'''
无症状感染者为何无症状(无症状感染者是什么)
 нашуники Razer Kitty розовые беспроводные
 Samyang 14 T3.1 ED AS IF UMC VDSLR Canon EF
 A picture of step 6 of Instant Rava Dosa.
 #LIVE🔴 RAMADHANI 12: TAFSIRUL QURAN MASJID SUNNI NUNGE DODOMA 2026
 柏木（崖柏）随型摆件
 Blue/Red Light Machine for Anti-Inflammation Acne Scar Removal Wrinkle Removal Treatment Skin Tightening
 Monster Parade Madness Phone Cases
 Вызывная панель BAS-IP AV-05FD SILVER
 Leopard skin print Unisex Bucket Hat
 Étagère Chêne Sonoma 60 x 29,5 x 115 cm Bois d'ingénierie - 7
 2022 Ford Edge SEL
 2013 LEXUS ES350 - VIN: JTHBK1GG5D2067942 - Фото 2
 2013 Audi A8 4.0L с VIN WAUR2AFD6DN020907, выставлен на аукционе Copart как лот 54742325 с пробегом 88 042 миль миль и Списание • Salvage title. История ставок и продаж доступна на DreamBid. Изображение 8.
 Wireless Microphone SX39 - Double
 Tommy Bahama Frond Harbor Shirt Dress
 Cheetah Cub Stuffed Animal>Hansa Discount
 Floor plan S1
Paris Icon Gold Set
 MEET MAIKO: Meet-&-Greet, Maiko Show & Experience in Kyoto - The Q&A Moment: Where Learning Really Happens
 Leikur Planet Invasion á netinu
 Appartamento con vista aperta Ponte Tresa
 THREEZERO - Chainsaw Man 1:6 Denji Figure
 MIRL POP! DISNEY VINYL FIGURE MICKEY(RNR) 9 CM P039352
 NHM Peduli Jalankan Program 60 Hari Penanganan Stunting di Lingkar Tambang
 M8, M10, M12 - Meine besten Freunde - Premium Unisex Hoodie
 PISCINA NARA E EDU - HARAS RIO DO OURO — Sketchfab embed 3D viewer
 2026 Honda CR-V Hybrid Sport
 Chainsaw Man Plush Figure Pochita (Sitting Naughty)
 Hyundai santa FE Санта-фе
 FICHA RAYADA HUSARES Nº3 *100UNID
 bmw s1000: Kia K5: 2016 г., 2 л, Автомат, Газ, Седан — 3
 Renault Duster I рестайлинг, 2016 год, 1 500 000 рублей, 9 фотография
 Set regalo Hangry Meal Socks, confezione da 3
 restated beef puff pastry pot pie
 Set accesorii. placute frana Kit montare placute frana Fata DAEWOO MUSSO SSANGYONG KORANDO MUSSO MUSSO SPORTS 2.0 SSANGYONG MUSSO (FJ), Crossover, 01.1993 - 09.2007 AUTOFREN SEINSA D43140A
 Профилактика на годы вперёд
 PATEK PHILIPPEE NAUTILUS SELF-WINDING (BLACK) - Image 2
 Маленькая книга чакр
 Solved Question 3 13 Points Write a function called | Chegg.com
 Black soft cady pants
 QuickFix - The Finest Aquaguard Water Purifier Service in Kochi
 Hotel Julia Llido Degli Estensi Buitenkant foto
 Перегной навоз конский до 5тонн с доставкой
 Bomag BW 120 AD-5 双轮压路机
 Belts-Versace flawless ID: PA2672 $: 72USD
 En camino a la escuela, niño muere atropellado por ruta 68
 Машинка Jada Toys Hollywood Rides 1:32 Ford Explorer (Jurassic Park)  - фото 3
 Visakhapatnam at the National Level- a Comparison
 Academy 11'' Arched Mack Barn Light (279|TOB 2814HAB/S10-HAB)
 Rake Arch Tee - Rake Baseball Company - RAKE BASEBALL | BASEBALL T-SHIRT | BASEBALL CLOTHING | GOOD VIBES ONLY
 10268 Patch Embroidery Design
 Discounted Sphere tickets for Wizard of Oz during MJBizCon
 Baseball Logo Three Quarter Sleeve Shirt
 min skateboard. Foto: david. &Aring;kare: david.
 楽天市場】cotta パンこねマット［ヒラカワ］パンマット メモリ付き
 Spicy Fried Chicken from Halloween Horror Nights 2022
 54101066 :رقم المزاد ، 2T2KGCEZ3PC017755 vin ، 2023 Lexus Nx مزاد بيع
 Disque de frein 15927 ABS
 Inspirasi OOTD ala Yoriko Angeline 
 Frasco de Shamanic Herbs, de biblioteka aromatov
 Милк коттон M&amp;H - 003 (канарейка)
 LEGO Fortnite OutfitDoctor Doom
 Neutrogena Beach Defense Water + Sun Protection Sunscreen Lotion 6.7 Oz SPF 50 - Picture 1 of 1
'''
**Exercise:** Using the listing above, copy exactly the line that contains "нашуники Razer Kitty розовые беспроводные", the line that contains "Маленькая книга чакр", and each line that falls between them.

**Response to this task:**
 нашуники Razer Kitty розовые беспроводные
 Samyang 14 T3.1 ED AS IF UMC VDSLR Canon EF
 A picture of step 6 of Instant Rava Dosa.
 #LIVE🔴 RAMADHANI 12: TAFSIRUL QURAN MASJID SUNNI NUNGE DODOMA 2026
 柏木（崖柏）随型摆件
 Blue/Red Light Machine for Anti-Inflammation Acne Scar Removal Wrinkle Removal Treatment Skin Tightening
 Monster Parade Madness Phone Cases
 Вызывная панель BAS-IP AV-05FD SILVER
 Leopard skin print Unisex Bucket Hat
 Étagère Chêne Sonoma 60 x 29,5 x 115 cm Bois d'ingénierie - 7
 2022 Ford Edge SEL
 2013 LEXUS ES350 - VIN: JTHBK1GG5D2067942 - Фото 2
 2013 Audi A8 4.0L с VIN WAUR2AFD6DN020907, выставлен на аукционе Copart как лот 54742325 с пробегом 88 042 миль миль и Списание • Salvage title. История ставок и продаж доступна на DreamBid. Изображение 8.
 Wireless Microphone SX39 - Double
 Tommy Bahama Frond Harbor Shirt Dress
 Cheetah Cub Stuffed Animal>Hansa Discount
 Floor plan S1
Paris Icon Gold Set
 MEET MAIKO: Meet-&-Greet, Maiko Show & Experience in Kyoto - The Q&A Moment: Where Learning Really Happens
 Leikur Planet Invasion á netinu
 Appartamento con vista aperta Ponte Tresa
 THREEZERO - Chainsaw Man 1:6 Denji Figure
 MIRL POP! DISNEY VINYL FIGURE MICKEY(RNR) 9 CM P039352
 NHM Peduli Jalankan Program 60 Hari Penanganan Stunting di Lingkar Tambang
 M8, M10, M12 - Meine besten Freunde - Premium Unisex Hoodie
 PISCINA NARA E EDU - HARAS RIO DO OURO — Sketchfab embed 3D viewer
 2026 Honda CR-V Hybrid Sport
 Chainsaw Man Plush Figure Pochita (Sitting Naughty)
 Hyundai santa FE Санта-фе
 FICHA RAYADA HUSARES Nº3 *100UNID
 bmw s1000: Kia K5: 2016 г., 2 л, Автомат, Газ, Седан — 3
 Renault Duster I рестайлинг, 2016 год, 1 500 000 рублей, 9 фотография
 Set regalo Hangry Meal Socks, confezione da 3
 restated beef puff pastry pot pie
 Set accesorii. placute frana Kit montare placute frana Fata DAEWOO MUSSO SSANGYONG KORANDO MUSSO MUSSO SPORTS 2.0 SSANGYONG MUSSO (FJ), Crossover, 01.1993 - 09.2007 AUTOFREN SEINSA D43140A
 Профилактика на годы вперёд
 PATEK PHILIPPEE NAUTILUS SELF-WINDING (BLACK) - Image 2
 Маленькая книга чакр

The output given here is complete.